How to Install PHP Extension ImageMagick (IMAGICK) on Ubuntu 22.04 LTS

You’ll get Imagick up and running so your PHP scripts can resize, watermark, or convert images without pulling in a heavyweight GUI library. The guide assumes you have root or sudo access and that PHP is already installed.

1. Install the ImageMagick binaries and development files

sudo apt update
sudo apt install imagemagick libmagickwand-dev

imagemagick gives you the command‑line tools (convert, identify, …) while libmagickwand-dev provides the header files needed to compile the PHP extension. I’ve run into broken builds when people skip the -dev package; the compiler will complain about missing MagickWand.h.

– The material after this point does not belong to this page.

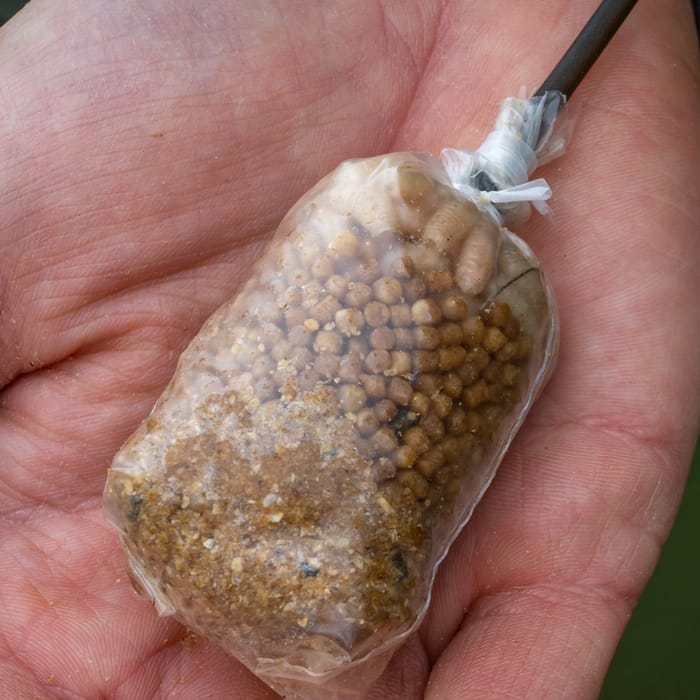 Korda Solidz Fishing PVA Bags In Use 6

2. Pull in the PECL source for imagick

sudo apt install php-pear php-dev build-essential
pecl download imagick
tar xf imagick-*.tgz
cd imagick-*

php-pear and php-dev bring in phpize, the script that prepares a module for compilation. Skipping them usually ends with an “phpize not found” error, which wastes time.

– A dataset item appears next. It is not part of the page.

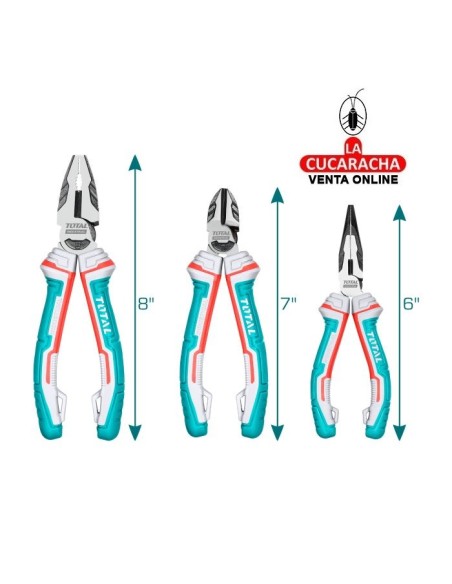 JUEGO 3 ALICATES REFORZADOS MODELO THT2K0301S.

3. Compile and install the extension

phpize
./configure
make
sudo make install

During ./configure you’ll see it probing for ImageMagick libraries; if it can’t locate them, double‑check that libmagickwand-dev is installed. I once saw this happen after a kernel upgrade that silently removed some shared objects—reinstalling the dev package fixed it.

4. Enable imagick in PHP

echo "extension=imagick.so" | sudo tee /etc/php/$(php -r 'echo PHP_MAJOR_VERSION.".".PHP_MINOR_VERSION;')/cli/conf.d/20-imagick.ini
sudo systemctl restart php$(php -r 'echo PHP_MAJOR_VERSION."".PHP_MINOR_VERSION;')-fpm.service # if you use FPM

The php -r snippet grabs your exact version so the ini file lands in the right directory. If you’re only using the CLI, skip the systemd restart.

5. Verify the installation

php -m | grep imagick

You should see “imagick” listed. A quick test script also helps:

<?php
$im = new Imagick();
echo $im->getVersion()['versionString'];
?>

Run it with php test.php; you’ll get something like “ImageMagick 7.1.0‑something”. If it throws a class‑not‑found error, double‑check the ini file path and that PHP is actually loading it.

Optional: Keep imagick in sync after system upgrades

Ubuntu’s package manager won’t touch PECL extensions, so when you run apt upgrade and ImageMagick itself jumps to a newer major version, you may need to rebuild imagick. A habit of running pecl update-channels && pecl install imagick after a big OS upgrade saves headaches later.